How this skill works

The skill converts input data (AnnData .obs/.var, pandas DataFrames, numpy arrays) into workbook sheets using openpyxl and dataframe_to_rows. It applies optional styling: header colors, borders, column width autosizing, and conditional fills for values like log2FC or percent mitochondrial.

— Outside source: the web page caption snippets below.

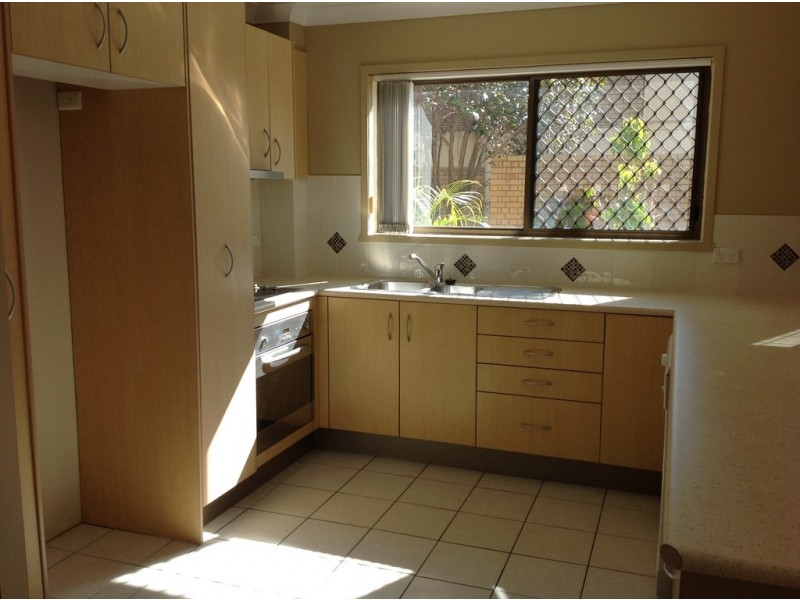 2/406 Marine Parade, Biggera Waters QLD 4216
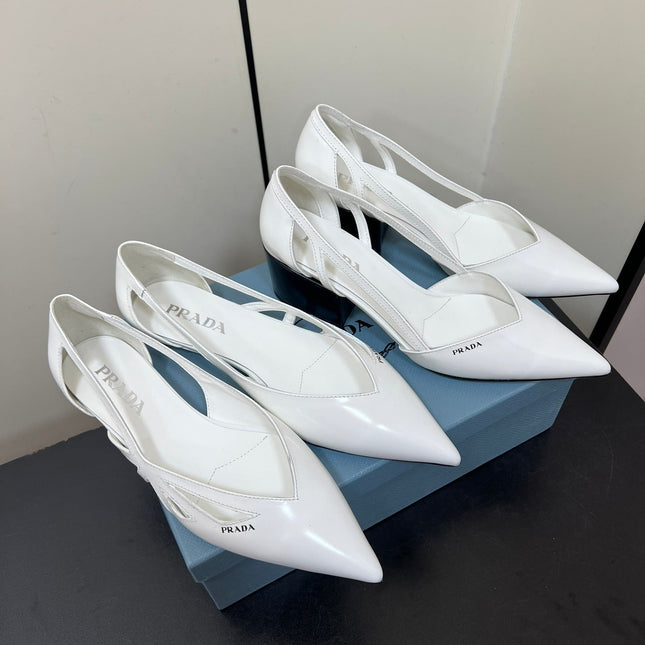 BRUSHED CUT-OUT BALLERINA FLAT IN WHITE CALFSKIN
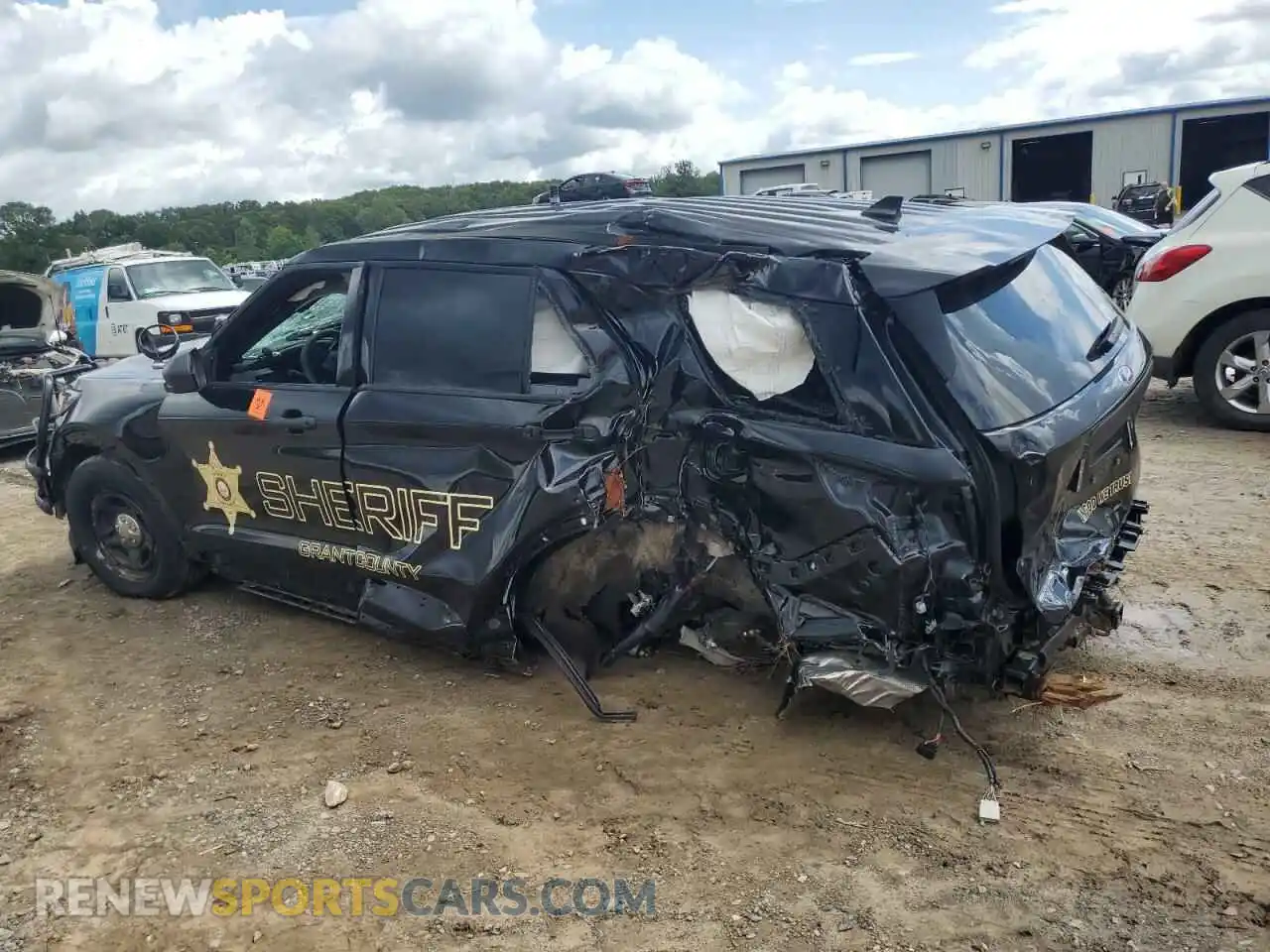 2 fotografías del automóvil dañado 1FM5K8AB4RGA47501 FORD EXPLORER 2024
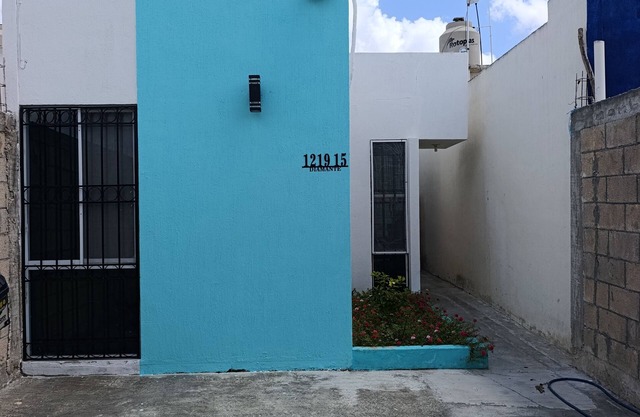 Nice and comfortable apartment near the airport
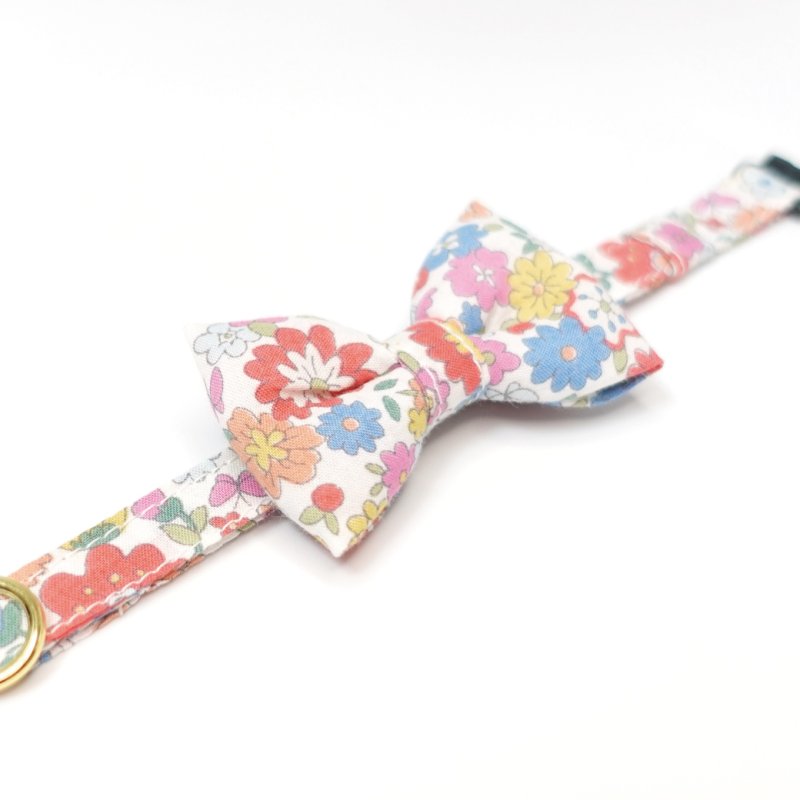 画像1: 大切な君に届けたい花束コレクションA柄・リボン猫首輪・(ブルー系小花柄リボン×ブルー系小花柄首輪)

The workbook is saved to a local path; for very large tables the workflow falls back to chunked exports or CSV.

When to use it

Export AnnData observations (.obs) or variables (.var) to Excel
Save and style DEG results for sharing or publication
Build multi-sheet reports combining metadata, QC, and DEG tables
Generate Excel-ready marker gene lists per cluster
Highlight quality-control flags (high mito, low counts) with conditional colors

Best practices

Always include clear column headers in the first row
Convert numpy/pandas-specific dtypes to native Python types before writing
Limit heavy styling for very large sheets to reduce file size
Use absolute output paths and ensure the output directory exists
For datasets >100k rows prefer CSV or chunked Excel exports

Example use cases

Create a multi-sheet workbook with cell metadata, gene metadata, and DEG results for collaborator review
Export QC metrics and highlight cells with percent_mito >20% for quick filtering
Produce cluster-specific sheets listing marker genes for downstream validation
Format DEG tables with color coding for up/down regulation and save a publication-ready table

FAQ

What if openpyxl is not installed?

Install it with pip (pip install openpyxl) or use the provided subprocess install snippet before running exports.

How do I handle very large datasets?

For >100k rows write to CSV or export in chunks; Excel has a 1,048,576 row limit and large styled workbooks consume memory.